The future of Top Gear presenter Jeremy Clarkson and his colleagues may become clearer tonight when he returns to the BBC for the first time since his sacking earlier this year.

Clarkson will be interviewed by BBC Radio 2 breakfast show host Chris Evans, who says he will raise the Top Gear trio's plans during the show.

Clarkson and former colleagues Richard Hammond and James May will reunite for the first of a series of live shows under the title 'Clarkson, Hammond & May Live', starting in Belfast this weekend.

"We will be talking about what's going on with him now, and Richard and James as well, and what perhaps could be going on in the future," said Evans, who has himself been tipped as a possible replacement for Clarkson on the world's most popular motoring show Top Gear.

 

Top Gear's trio of presenters were among television's most successful stars for 12 years, before Clarkson's sacking in March - although it has also emerged that the  team was very nearly broken up as soon as it was formed.

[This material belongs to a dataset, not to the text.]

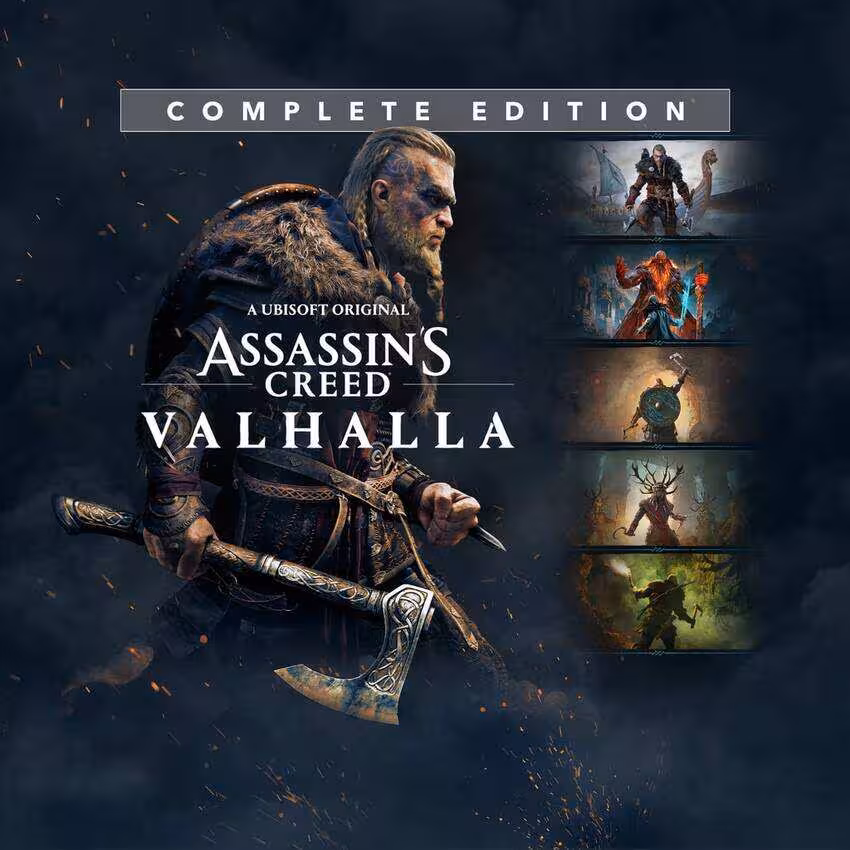 بازی اساسین کرید والهالا نسخه کامل ASSASSINS CREED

Richard Hammond was apparently told he might be fired from the motoring programme at the time that James May was hired, former producer Andy Wilman revealed yesterday.

BBC chiefs said in 2002 that they were considering sacking Mr Hammond as the sidekick to Mr Clarkson, telling him: 'We may not want you back for the second series, but, anyway, have a good Christmas.'

But eventually the channel bosses changed their mind - allowing the three men to form an enduring partnership which lasted until Mr Clarkson punched producer Oisin Tymon in a row over a steak and was dropped by the BBC.

The trio are performing a series of live shows under the title 'Clarkson, Hammond & May Live', starting in Belfast this weekend.

Mr Wilman said that Top Gear received so many complaints from readers - many angry that the show was not sufficiently focussed on motoring news - that they put 'the best and most vitriolic ones' on a special wall.

He also recalled the devastating accident in 2006 which left Mr Hammond fighting for life after a 300mph crash, revealing that racing drivers Eddie Irvine, Jacques Villeneuve and James Toseland got in touch to express their sympathy.

Writing in the new edition of Top Gear magazine, Mr Wilman - a childhood friend of Mr Clarkson who resigned in the wake of the presenter's sacking - hailed the show as a 'colossus'.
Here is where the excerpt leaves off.